ある朝、変装用のバンダナとエプロン、マスクを手渡され、そう言われた。息子の保育参観である。いつもの自然に遊ぶ様子を見て欲しいとのことで、スタッフに化けて息子を見守ることになったのだが、決して本人にママと気が付かれない事がミッションのクリア条件だった。途中でバレてはいけない。まるで忍者だ。

祖母が伊賀忍者の末裔で、わずかだが自分にも伊賀忍者の血が流れている事を思い出す。祖父が亡くなった直後に、父と叔母が何気なく始めた先祖調査で分かったことだ。それよりずっと前に姉が「実は母方の家系に西洋の血が入っているかもしれない」と興奮気味に報告してくれた時よりも、伊賀忍者の血筋という方がロマンがあって胸がときめいた。今日は私に流れる忍者の血が活躍してくれるに違いない。

相手はつい最近乳離れしたばかりの1歳9ヶ月のヒヨコボーイ。全く気が付かれないで予定の1時間半を過ごすことなど雑作もないことよ、と思った矢先にバレそうになった。クラスから外のお庭に出ようと自分の靴を探り当て、「クック、クック〜」と靴を掴んで私の方に向かってきた。目を合わしたら最後だ。さっと身を翻し、息子の横を過ぎ去り事なきを得た。保育士に向かって「クック〜クック〜」と能天気にさえずっていた。多分私のことも保育士だと思ったのだろう。

まだ自分一人では靴を履けないお年頃。ご機嫌な様子で靴を履かせてもらい、園庭に繰り出し、三輪車に跳び乗る姿は輝いて見えた。同じく三輪車に乗る同級生の後を追って、勢いよく土を蹴り付けてブイブイ言っている。体全身で僕は楽しいんだ!と表現しているのを見ると、ああこの子は幸せなんだなと胸の辺りが暖かくなった。

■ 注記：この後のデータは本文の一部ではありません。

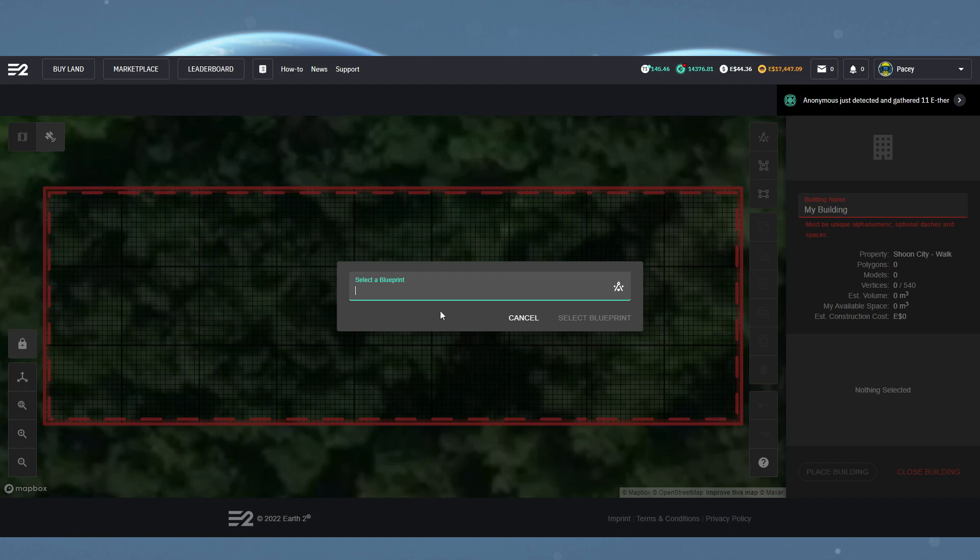Clicking that will bring up another type-in selection screen. This time you're looking for the name of the holo building you've bought and want to use.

子供たちで賑わう園庭で景色に溶け込んでいると「これ、リス組さんの」と通りすがりの女の子から白いレンゲを渡された。スタッフの一人になりきれている事に安堵感を覚え、「ありがとー」とレンゲを受け取り近くの保育士さんに渡したりなどした。

息を殺し、気配を消し、息子に存在を気取られないような忍者モードのテンションは長く続かなかった。ものの10分ほどである。息子のズボンがずり下がり、ものの見事な半ケツ状態が気になって仕方なくなったのだ。

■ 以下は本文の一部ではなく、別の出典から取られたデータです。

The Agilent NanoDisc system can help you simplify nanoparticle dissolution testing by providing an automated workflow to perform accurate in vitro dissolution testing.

三輪車で庭のパトロールを終えた息子がテラスに戻ってきて、水遊びをするグループに合流した時である。

子供3人くらいが入れそうな大きなタライが2つほど並べてあって、子供達がペットボトルやらレンゲやら、シャンプーボトルのポンプやらを使い水でバシャバシャ遊んでいた。息子は合流した瞬間に服がずぶ濡れになって、保育園での洗濯物がやたら多い理由が分かった。しかし気になるのは息子の半ケツである。誰も気にしていないのだろうけど、親心として、すぐに近くに寄ってズボンをあげてやりたい気持ちになりソワソワと親オーラ全開で佇む他なかった。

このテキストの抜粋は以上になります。